*Task instructions:*
Return, word for word, the lines of the listing below from the one with "El volcán continúa" through the one with "600 Ridgewood Dr, Florence, SC 29501", and no other lines.

*Given data:*

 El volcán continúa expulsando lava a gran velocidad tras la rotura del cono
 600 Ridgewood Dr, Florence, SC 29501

--

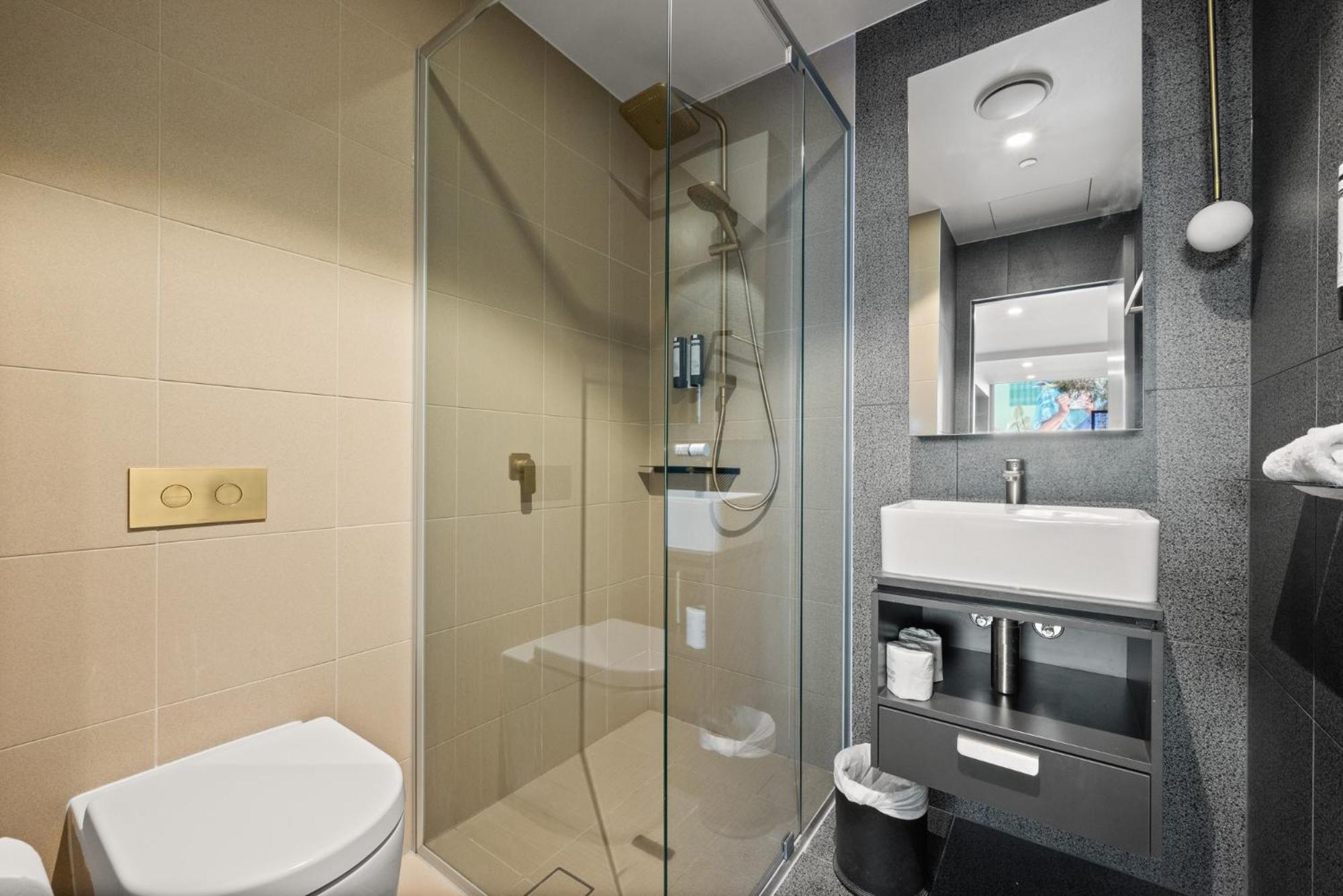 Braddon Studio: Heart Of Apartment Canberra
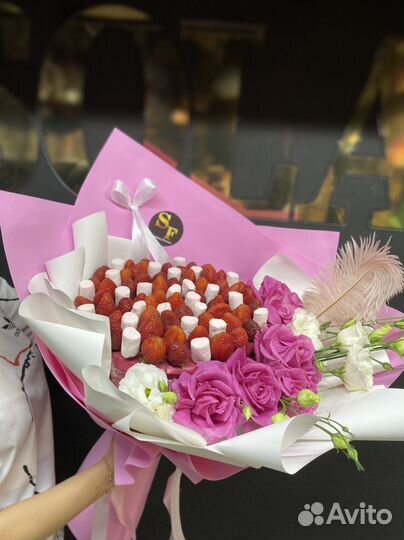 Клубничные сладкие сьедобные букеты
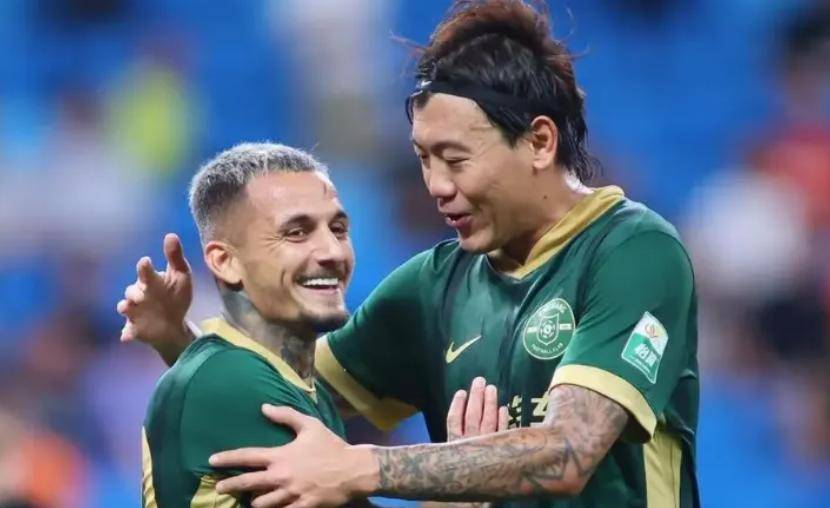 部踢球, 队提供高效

--

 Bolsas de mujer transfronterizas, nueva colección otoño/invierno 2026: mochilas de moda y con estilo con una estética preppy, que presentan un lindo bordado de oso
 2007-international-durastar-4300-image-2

*Your solution:*
 El volcán continúa expulsando lava a gran velocidad tras la rotura del cono
 600 Ridgewood Dr, Florence, SC 29501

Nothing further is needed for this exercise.